Leave a comment at Huffington Post and tell them how good BSA is at swinging those ropes! http://www.huffingtonpost.com/2010/06/17/blog-watch-brooklyn-stree_n_615922.html
From White Box to Tool Box: CrestFest 2010 and Crest Art Festival
Local Family Business Showcases Artists Of All Stripes
You won’t find a more excited community-minded, artist-loving dude than Joe Franquinha, who is the second generation owner of a hardware store in Williamsburg/Bushwick, Brooklyn. Crest Hardware, founded in 1962 on this same block by Joe’s dad and uncle, is the hardware store for the multitude of artists who have moved into the neighborhood over the past decade or so.
Nine years ago they had the first Crest art show in the store itself using hardware materials to make and inspire the art.
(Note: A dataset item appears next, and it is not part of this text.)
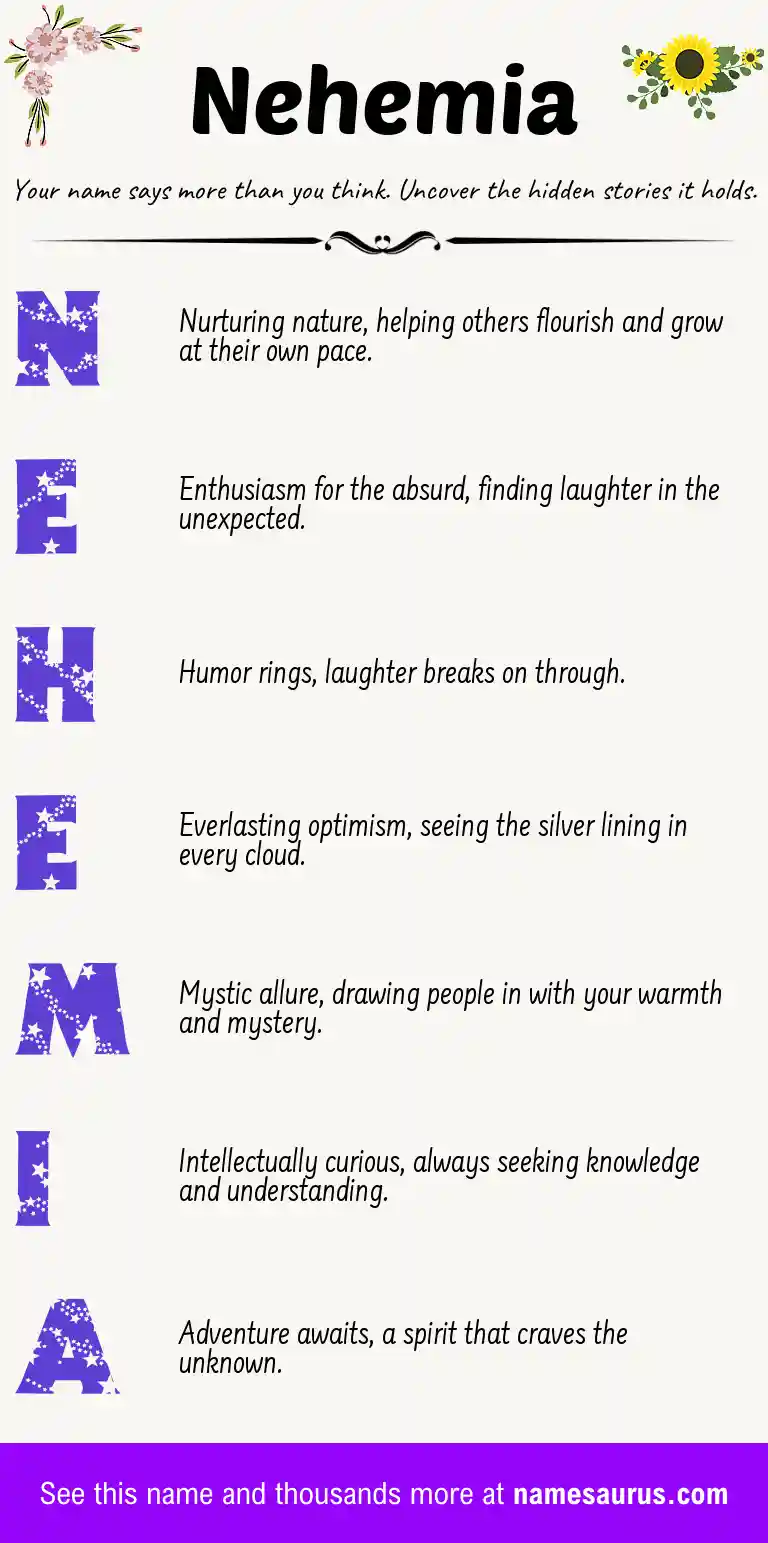 Acrostic poem about Nehemia.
The eclectic and frequently humorous show drew attention to the bursting artist community and grew larger each year. In 2008 ago Joe expanded the show to include musicians and DJs from the neighborhood and started calling it “Crest Fest.”
This year the festival has 140 artists, 15 DJ’s and 8 bands. Joe says, “There is an abundance of musical talent in this area as well as art and I wanted to take the opportunity to showcase them too. It’s been getting progressively bigger, and it’s always free to attend. That’s the main thing. We want people to be able to enjoy it, come on in, have fun and take a day off and absorb culture in so many of it’s facets.”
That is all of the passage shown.